9

I am having a hard time understanding what a sufficient statistic actually helps us do.

It says that

Given $X_1, X_2, ..., X_n$ from some distribution, a statistic $T(X)$ is sufficient for a parameter $\theta$ if

$P(X_1, X_2, ..., X_n|T(X), \theta) = P(X_1, X_2, ..., X_n|T(X))$.

Meaning, if we know $T(X)$, then we cannot gain any more information about the parameter $\theta$ by considering other functions of the data $X_1, X_2, ..., X_n$.

I have two questions:

  1. It seems to me that the purpose of $T(X)$ is to make it so that we can calculate the pdf of a distribution more easily. If calculating the pdf yields a probability measure, then why is it said that we cannot "gain any more information about the parameter $θ$"? In other words, why are we focused on $T(X)$ telling us something about $\theta$ when the pdf spits out a probability measure, which isn't $\theta$?

  2. When it says: "we cannot gain any more information about the parameter θ by considering other functions of the data $X_1,X_2,...,X_n$.", what other functions are they talking about? Is this akin to saying that if I randomly draw $n$ samples and find $T(X)$, then any other set of $n$ samples I draw give $T(X)$ also?

user123276
  • 2,077

1 Answers1

18

I think the best way to understand sufficiency is to consider familiar examples.
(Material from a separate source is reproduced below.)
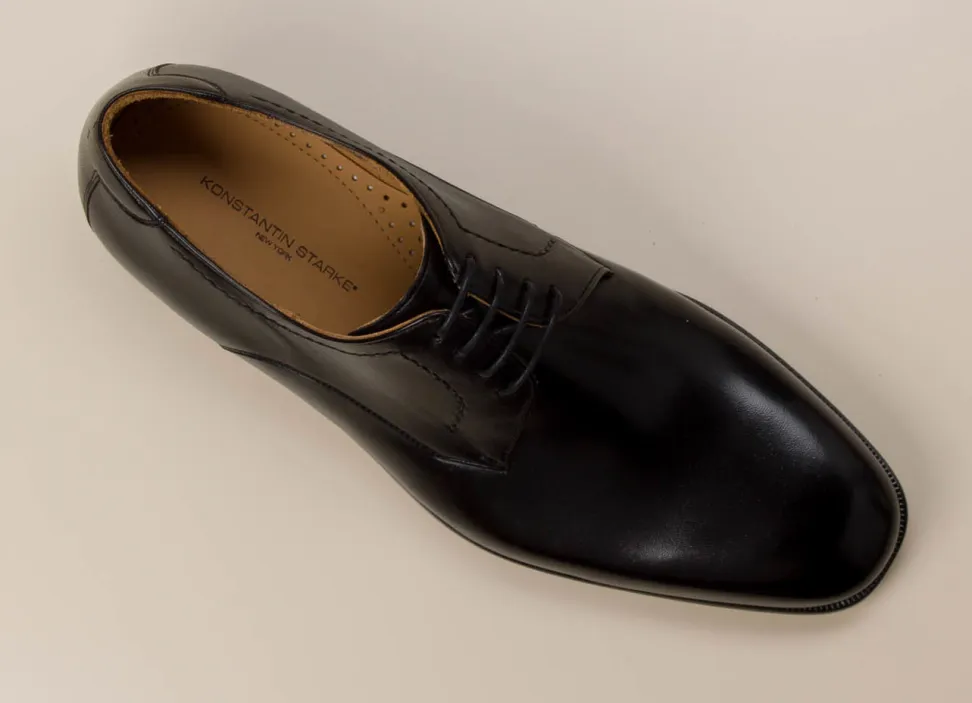 Konstantin Starke – Derby-Schuhe aus Lammleder Schwarz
Suppose we flip a (not necessarily fair) coin, where the probability of obtaining heads is some unknown parameter $p$. Then individual trials are IID Bernoulli(p) random variables, and we can think about the outcome of $n$ trials as being a vector $\boldsymbol X = (X_1, X_2, \ldots, X_n)$. Our intuition tells us that for a large number of trials, a "good" estimate of the parameter $p$ is the statistic $$\bar X = \frac{1}{n} \sum_{i=1}^n X_i.$$ Now think about a situation where I perform such an experiment. Could you estimate $p$ equally well if I inform you of $\bar X$, compared to $\boldsymbol X$? Sure. This is what sufficiency does for us: the statistic $T(\boldsymbol X) = \bar X$ is sufficient for $p$ because it preserves all the information we can get about $p$ from the original sample $\boldsymbol X$. (To prove this claim, however, needs more explanation.)
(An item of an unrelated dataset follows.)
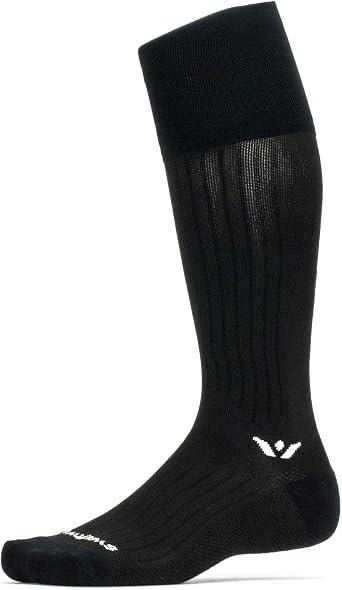 Swiftwick- PERFORMANCE TWELVE Running Socks, Wicking, Knee High Compression Fit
Here is a less trivial example. Suppose I have $n$ IID observations taken from a ${\rm Uniform}(0,\theta)$ distribution, where $\theta$ is the unknown parameter. What is a sufficient statistic for $\theta$? For instance, suppose I take $n = 5$ samples and I obtain $\boldsymbol X = (3, 1, 4, 5, 4)$. Your estimate for $\theta$ clearly must be at least $5$, since you were able to observe such a value. But that is the most knowledge you can extract from knowing the actual sample $\boldsymbol X$. The other observations convey no additional information about $\theta$ once you have observed $X_4 = 5$. So, we would intuitively expect that the statistic $$T(\boldsymbol X) = X_{(n)} = \max \boldsymbol X$$ is sufficient for $\theta$. Indeed, to prove this, we would write the joint density for $\boldsymbol X$ conditioned on $\theta$, and use the Factorization Theorem (but I will omit this in the interest of keeping the discussion informal).

Note that a sufficient statistic is not necessarily scalar-valued. For it may not be possible to achieve data reduction of the complete sample into a single scalar. This commonly arises when we want sufficiency for multiple parameters (which we can equivalently regard as a single vector-valued parameter). For example, a sufficient statistic for a Normal distribution with unknown mean $\mu$ and standard deviation $\sigma$ is $$\boldsymbol T(\boldsymbol X) = \left( \frac{1}{n} \sum_{i=1}^n X_i, \sqrt{\frac{1}{n-1} \sum_{i=1}^n (X_i - \bar X)^2} \right).$$ In fact, these are unbiased estimators of the mean and standard deviation. We can show that this is the maximum data reduction that can be achieved.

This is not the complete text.